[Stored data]
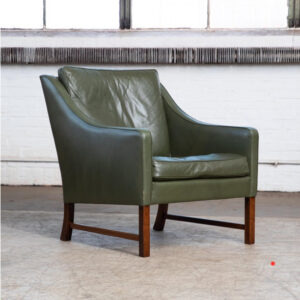Fredrik Kayser Olive Green Leather Club Chair w Rosewood Leg Base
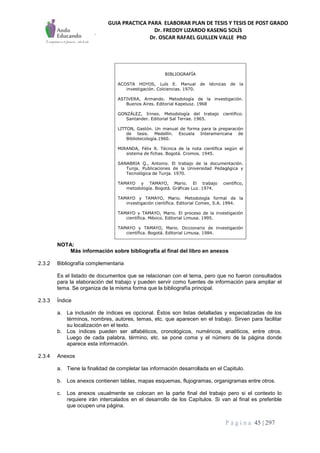 GUIA PRACTICA PARA ELABORAR PLAN DE TESIS Y TESIS DE POST GRADO
Dr. FREDDY LIZARDO KASENG SOLÍS
Dr. OSCAR RAFAEL GUILLEN VALLE PhD
P á g i n a 45 | 297
NOTA:
Más información sobre bibliografía al final del libro en anexos
2.3.2 Bibliografía complementaria
Es el listado de documentos que se relacionan con el tema, pero que no fueron consultados
para la elaboración del trabajo y pueden servir como fuentes de información para ampliar el
tema. Se organiza de la misma forma que la bibliografía principal.
2.3.3 Índice
a. La inclusión de índices es opcional. Éstos son listas detalladas y especializadas de los
términos, nombres, autores, temas, etc. que aparecen en el trabajo. Sirven para facilitar
su localización en el texto.
b. Los índices pueden ser alfabéticos, cronológicos, numéricos, analíticos, entre otros.
Luego de cada palabra, término, etc. se pone coma y el número de la página donde
aparece esta información.
2.3.4 Anexos
a. Tiene la finalidad de completar las información desarrollada en el Capitulo.
b. Los anexos contienen tablas, mapas esquemas, flujogramas, organigramas entre otros.
c. Los anexos usualmente se colocan en la parte final del trabajo pero si el contexto lo
requiere irán intercalados en el desarrollo de los Capítulos. Si van al final es preferible
que ocupen una página.
BIBLIOGRAFÍA
ACOSTA HOYOS, Luís E. Manual de técnicas de la
investigación. Colciencias. 1970.
ASTIVERA, Armando. Metodología de la investigación.
Buenos Aires. Editorial Kapelusz. 1968
GONZÁLEZ, Irineo. Metodología del trabajo científico.
Santander. Editorial Sal Terrae. 1965.
LITTON, Gastón. Un manual de forma para la preparación
de tesis. Medellín. Escuela Interamericana de
Bibliotecología.1960.
MIRANDA, Félix R. Técnica de la nota científica según el
sistema de fichas. Bogotá. Cromos. 1945.
SANABRIA Q., Antonio. El trabajo de la documentación.
Tunja. Publicaciones de la Universidad Pedagógica y
Tecnológica de Tunja. 1970.
TAMAYO y TAMAYO, Mario. El trabajo científico,
metodología. Bogotá. Gráficas Luz. 1974.
TAMAYO y TAMAYO, Mario. Metodología formal de la
investigación científica. Editorial Comex, S.A. 1994.
TAMAYO y TAMAYO, Mario. El proceso de la investigación
científica. México. Editorial Limusa. 1995.
TAMAYO y TAMAYO, Mario. Diccionario de investigación
científica. Bogotá. Editorial Limusa. 1984.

## AIM OF THE EXERCISE:
Set down exactly, and only, the lines from the one containing "que ocupen una página." to the final line of the data.

## SOLUTION FOR THIS TASK:
que ocupen una página.
BIBLIOGRAFÍA
ACOSTA HOYOS, Luís E. Manual de técnicas de la
investigación. Colciencias. 1970.
ASTIVERA, Armando. Metodología de la investigación.
Buenos Aires. Editorial Kapelusz. 1968
GONZÁLEZ, Irineo. Metodología del trabajo científico.
Santander. Editorial Sal Terrae. 1965.
LITTON, Gastón. Un manual de forma para la preparación
de tesis. Medellín. Escuela Interamericana de
Bibliotecología.1960.
MIRANDA, Félix R. Técnica de la nota científica según el
sistema de fichas. Bogotá. Cromos. 1945.
SANABRIA Q., Antonio. El trabajo de la documentación.
Tunja. Publicaciones de la Universidad Pedagógica y
Tecnológica de Tunja. 1970.
TAMAYO y TAMAYO, Mario. El trabajo científico,
metodología. Bogotá. Gráficas Luz. 1974.
TAMAYO y TAMAYO, Mario. Metodología formal de la
investigación científica. Editorial Comex, S.A. 1994.
TAMAYO y TAMAYO, Mario. El proceso de la investigación
científica. México. Editorial Limusa. 1995.
TAMAYO y TAMAYO, Mario. Diccionario de investigación
científica. Bogotá. Editorial Limusa. 1984.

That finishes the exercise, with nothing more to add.